Homemade Sauerkraut - Fermented Cabbage
by Lori Neff
Look up the health benefits of fermented cabbage - you may never want to be without it --- and it tastes great!
- 1 head of cabbage, thinly sliced (great with a mandolin) --- save the large outer leaves
- (optional: one or two grated carrots; several thinly sliced brussel sprouts; thinly sliced broccoli)
- 2 tablespoons sea salt
- 2 tablespoons caraway seeds
In large bowl, combine the shredded cabbage with salt (and any other vegetables, if using), press down hard with your fist, pounding even, until juices are released (a great way to release some pent-up steam ---- stress relief! )

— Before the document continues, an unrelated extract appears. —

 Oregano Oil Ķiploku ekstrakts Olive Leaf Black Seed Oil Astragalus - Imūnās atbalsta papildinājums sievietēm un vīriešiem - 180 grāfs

Layer about 2" of the vegetable mixture in a crock pot, sprinkle 1/4 teaspoons caraway seeds on it, pound down with a wooden dowel; keep layering 2" of the mixture, sprinkling 1/4 teaspoons caraway seeds, pounding down, repeat. You want to extract as much juice as possible, enough to cover the vegetables.
If necessary, salt water can be used to make sure the cabbage is fully submerged. Completely cover the vegetables with the clean outer cabbage leaves, and put weights on the leaves. If no weights are available, use an inverted plate on the cabbage, and put a water-filled glass jar on to the place, cover the crock pot with a fine cheesecloth. Let sit at room temperature for 2 days, then put the container in a cool corner for 2 - 4 weeks to ferment.
You can start tasting the cabbage after about 10 - 14 days, but make sure to cover everything tightly again.
Then, transfer the fermented vegetables into smaller jars, seal with lid and keep in refrigerator.